[Saved entries]
===============
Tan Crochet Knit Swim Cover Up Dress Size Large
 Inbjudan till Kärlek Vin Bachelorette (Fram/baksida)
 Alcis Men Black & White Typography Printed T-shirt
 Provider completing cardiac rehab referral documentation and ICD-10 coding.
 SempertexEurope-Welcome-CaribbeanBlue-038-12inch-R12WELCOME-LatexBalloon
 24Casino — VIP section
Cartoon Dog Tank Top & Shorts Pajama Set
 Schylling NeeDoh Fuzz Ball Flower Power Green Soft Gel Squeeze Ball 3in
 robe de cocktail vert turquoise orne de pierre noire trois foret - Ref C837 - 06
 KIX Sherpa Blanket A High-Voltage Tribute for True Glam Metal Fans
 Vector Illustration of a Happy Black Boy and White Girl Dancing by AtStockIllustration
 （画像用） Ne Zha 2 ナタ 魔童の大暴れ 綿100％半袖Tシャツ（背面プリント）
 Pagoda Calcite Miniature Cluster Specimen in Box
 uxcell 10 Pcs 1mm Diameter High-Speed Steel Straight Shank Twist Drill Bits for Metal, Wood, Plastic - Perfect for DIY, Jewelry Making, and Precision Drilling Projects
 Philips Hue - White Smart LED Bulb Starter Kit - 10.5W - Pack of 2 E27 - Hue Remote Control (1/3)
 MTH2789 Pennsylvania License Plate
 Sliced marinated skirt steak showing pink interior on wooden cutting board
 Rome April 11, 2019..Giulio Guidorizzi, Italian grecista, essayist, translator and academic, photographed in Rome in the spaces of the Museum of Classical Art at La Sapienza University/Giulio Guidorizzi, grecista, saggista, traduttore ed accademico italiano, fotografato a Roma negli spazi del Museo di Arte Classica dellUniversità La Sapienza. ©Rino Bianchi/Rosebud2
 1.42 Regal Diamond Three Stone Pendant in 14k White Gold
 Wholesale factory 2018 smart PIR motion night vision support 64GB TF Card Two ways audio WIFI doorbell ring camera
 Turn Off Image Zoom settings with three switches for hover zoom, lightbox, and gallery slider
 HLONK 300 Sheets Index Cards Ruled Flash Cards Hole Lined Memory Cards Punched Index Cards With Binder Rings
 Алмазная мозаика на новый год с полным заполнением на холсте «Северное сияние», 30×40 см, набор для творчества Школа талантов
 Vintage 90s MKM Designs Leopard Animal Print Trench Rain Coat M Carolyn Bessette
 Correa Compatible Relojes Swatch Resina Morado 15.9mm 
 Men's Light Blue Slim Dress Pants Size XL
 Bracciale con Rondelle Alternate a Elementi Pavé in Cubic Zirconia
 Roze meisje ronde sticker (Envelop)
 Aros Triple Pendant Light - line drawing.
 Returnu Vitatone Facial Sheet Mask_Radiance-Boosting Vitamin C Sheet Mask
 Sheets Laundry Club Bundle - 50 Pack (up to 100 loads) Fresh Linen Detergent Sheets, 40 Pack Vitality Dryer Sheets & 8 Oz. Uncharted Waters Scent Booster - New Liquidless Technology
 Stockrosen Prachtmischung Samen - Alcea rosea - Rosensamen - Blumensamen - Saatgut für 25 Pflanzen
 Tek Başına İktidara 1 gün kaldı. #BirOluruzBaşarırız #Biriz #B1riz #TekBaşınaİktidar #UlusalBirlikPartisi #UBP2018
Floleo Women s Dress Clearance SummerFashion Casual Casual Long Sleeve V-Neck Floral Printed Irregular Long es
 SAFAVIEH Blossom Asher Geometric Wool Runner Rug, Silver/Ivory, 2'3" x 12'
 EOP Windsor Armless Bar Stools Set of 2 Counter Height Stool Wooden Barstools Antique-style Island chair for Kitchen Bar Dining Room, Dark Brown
===============
▶ **Description of the task**
Every line from the data above that contains "Size" must appear in the answer.

▶ **Result below**
Tan Crochet Knit Swim Cover Up Dress Size Large
 Men's Light Blue Slim Dress Pants Size XL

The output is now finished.